Accessing partitions on dual-boot systems


Article from Issue 57/2005

Why reboot every time you need to access data on the other side of your dual boot system? We’ll introduce you to Captive NTFS – a free tool for reaching Windows NTFS partitions from Linux. We’ll also show you some handy tools for reading Linux partitions from Windows.
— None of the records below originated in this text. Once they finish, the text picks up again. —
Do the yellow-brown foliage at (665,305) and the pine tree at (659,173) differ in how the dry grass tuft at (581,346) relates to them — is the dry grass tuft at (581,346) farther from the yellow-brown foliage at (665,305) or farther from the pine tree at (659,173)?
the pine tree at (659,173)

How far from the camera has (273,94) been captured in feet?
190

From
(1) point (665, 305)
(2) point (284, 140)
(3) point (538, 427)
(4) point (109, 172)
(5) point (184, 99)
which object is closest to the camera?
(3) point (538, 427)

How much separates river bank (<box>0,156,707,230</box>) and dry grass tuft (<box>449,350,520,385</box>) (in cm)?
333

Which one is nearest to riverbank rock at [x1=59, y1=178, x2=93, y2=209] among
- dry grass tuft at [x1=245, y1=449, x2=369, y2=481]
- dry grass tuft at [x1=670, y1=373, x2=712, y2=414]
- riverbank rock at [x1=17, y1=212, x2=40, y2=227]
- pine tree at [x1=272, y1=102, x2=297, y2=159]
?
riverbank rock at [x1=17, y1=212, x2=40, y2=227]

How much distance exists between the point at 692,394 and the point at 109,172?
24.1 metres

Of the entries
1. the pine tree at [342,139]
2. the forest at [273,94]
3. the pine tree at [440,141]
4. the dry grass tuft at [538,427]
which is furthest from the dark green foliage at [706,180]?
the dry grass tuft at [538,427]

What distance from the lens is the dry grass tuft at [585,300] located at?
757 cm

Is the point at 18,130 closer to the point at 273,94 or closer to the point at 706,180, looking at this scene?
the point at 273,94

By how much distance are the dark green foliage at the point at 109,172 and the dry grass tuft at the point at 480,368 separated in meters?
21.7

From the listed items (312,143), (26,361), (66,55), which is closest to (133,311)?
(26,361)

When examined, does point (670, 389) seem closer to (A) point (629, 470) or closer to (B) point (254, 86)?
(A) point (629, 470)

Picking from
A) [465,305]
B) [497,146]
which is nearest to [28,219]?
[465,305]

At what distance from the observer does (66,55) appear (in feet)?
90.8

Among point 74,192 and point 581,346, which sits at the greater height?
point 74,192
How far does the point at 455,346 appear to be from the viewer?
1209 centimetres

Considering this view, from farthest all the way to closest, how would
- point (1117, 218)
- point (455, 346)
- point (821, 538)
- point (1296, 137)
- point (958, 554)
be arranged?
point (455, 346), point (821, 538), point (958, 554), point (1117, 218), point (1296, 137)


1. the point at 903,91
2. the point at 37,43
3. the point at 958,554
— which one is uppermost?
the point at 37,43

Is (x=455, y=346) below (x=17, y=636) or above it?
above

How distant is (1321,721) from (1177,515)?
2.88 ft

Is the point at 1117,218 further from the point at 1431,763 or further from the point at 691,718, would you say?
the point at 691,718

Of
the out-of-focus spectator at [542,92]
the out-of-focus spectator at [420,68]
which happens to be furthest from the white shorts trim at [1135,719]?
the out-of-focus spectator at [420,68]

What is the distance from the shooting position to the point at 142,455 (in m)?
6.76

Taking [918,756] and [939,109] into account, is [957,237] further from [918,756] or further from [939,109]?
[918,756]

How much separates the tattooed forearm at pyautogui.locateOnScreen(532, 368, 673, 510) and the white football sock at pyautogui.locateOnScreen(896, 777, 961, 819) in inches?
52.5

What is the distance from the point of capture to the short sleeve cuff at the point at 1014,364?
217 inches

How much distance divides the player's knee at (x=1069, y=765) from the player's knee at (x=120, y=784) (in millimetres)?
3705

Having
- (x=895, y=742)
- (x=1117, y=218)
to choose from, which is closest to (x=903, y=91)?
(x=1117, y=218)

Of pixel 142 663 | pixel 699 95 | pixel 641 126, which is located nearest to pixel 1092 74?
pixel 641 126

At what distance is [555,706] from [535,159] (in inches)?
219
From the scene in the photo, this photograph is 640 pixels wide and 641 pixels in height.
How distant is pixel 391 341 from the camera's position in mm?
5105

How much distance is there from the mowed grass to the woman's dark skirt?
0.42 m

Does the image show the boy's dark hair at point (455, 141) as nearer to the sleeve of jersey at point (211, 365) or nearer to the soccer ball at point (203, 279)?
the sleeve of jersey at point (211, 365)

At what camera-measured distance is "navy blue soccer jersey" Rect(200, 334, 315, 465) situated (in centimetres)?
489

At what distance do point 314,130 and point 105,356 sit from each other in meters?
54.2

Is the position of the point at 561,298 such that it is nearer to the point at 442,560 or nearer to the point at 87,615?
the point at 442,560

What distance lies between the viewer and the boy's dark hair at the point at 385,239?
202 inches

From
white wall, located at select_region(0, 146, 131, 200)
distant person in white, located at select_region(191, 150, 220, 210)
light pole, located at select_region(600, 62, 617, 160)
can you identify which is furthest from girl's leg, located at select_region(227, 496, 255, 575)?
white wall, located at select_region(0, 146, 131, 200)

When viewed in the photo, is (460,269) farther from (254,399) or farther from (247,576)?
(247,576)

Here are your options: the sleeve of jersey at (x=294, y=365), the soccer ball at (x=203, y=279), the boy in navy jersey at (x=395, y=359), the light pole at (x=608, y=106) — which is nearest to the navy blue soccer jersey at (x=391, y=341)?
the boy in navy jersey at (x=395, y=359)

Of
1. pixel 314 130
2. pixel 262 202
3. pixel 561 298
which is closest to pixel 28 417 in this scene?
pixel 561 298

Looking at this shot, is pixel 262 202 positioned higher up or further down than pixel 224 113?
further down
As the Windows NTFS filesystem becomes more popular, users of Windows/ Linux dual-boot computers are increasingly confronted with a major problem: Linux is incapable of writing to NTFS [1] partitions. The Linux kernel has a module for binding the NTFS partitions, however, even its developers advise users against attempting write operations using the kernel module. The antiquated FAT filesystem was once the only free way for sharing data between the Linux side and the Windows side of a dualboot PC. However, Jan “Lace” Kratochvil has introduced the free tool Captive NTFS [2], a utility that supports Linux write access to NTFS partitions. Jan Kratochvil is the author of several other useful applications for Linux, including Surprise, a tool for resizing partitions [3]. The latest version of Captive NTFS (version 1.1.5) was released at the beginning of this year and drew the attention of a larger audience due to its use with Knoppix version 3.4 and other Knoppix-based systems, such as LinuxDefender Live! By Bit-Defender.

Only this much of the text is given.